Via RCB:
The war has authored lots of odd media moments, none odder, perhaps, than that witnessed by anyone who crashed home at 3am on Sunday morning and turned on the telly to find Angela Rippon, live on the ITV News Channel, describing the skyline of Kuwait as “elegant”. But one of the most consistently striking things about the coverage of the conflict – and every other conflict of the modern TV era – is the way it has been dominated by an endless flow of facts, stats and graphics about military hardware, from the sort of spoddy experts usually banished to minority satellite channels aimed at men you would rather not sit next to on the tube. (…)”As a scholar of porn, I look at this and say ‘these are boys with phallic toys’,” sighs Linda Williams, professor of film studies and rhetoric at UC Berkeley.

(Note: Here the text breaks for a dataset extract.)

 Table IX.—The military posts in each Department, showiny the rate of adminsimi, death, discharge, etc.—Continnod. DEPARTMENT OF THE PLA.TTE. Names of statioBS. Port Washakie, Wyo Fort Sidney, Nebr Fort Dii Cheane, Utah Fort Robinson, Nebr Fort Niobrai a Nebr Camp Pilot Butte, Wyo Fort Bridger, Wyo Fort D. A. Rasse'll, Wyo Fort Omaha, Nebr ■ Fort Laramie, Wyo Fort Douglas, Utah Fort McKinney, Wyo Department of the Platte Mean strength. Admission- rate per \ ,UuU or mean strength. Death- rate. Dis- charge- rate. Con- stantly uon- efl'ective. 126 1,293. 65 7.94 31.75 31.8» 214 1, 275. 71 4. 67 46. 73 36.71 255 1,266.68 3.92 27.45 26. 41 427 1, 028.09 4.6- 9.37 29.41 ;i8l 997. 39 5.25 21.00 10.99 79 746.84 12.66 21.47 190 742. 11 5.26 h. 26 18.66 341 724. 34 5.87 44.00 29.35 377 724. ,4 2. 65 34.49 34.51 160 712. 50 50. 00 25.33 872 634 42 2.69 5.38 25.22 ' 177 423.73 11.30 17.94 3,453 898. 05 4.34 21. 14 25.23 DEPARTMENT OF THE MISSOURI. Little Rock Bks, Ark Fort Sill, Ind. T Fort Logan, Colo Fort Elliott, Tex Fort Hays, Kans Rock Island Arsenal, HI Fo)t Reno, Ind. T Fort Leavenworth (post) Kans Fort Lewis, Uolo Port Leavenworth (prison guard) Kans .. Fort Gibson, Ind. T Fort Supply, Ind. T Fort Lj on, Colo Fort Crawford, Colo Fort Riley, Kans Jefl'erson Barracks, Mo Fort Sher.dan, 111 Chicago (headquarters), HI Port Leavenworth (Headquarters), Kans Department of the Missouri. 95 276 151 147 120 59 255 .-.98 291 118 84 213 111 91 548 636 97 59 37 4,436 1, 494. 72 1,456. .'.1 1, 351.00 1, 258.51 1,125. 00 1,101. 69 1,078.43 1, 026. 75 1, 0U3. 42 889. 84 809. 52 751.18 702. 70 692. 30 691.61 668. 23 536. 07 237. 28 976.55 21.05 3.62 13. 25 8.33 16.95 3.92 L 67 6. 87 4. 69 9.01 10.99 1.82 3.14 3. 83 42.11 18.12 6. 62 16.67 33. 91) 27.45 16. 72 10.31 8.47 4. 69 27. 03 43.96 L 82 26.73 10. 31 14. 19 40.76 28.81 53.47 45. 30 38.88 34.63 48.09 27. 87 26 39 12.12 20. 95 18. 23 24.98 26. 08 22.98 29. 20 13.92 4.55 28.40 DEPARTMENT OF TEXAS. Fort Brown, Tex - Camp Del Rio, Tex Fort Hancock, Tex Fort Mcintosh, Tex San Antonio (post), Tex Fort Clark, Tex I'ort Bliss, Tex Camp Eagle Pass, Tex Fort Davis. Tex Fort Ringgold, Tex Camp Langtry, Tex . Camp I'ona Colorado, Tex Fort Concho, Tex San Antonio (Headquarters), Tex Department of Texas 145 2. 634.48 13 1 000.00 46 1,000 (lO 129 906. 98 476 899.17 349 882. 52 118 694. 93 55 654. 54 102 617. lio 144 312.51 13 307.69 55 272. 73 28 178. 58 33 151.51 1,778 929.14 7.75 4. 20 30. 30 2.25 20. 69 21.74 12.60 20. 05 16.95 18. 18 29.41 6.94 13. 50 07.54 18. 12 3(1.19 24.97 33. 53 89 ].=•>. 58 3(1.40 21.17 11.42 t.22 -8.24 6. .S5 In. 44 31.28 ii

For the most part, the representations of war don’t put too much store in reality. “I’ve never had a great deal of sympathy for Baudrillard… but there is something to be said for the hyper-reality of this situation: it is intensified reality, verging on the unreal.”
All the lavishly reproduced fact files and whizzy graphics, the 3D cartoon missiles and gleaming formation of tanks, photographed from above, seem to be engaged in an enterprise as unreal as their equivalent in the sex industry – an attempt to pass something ugly off as something beautiful.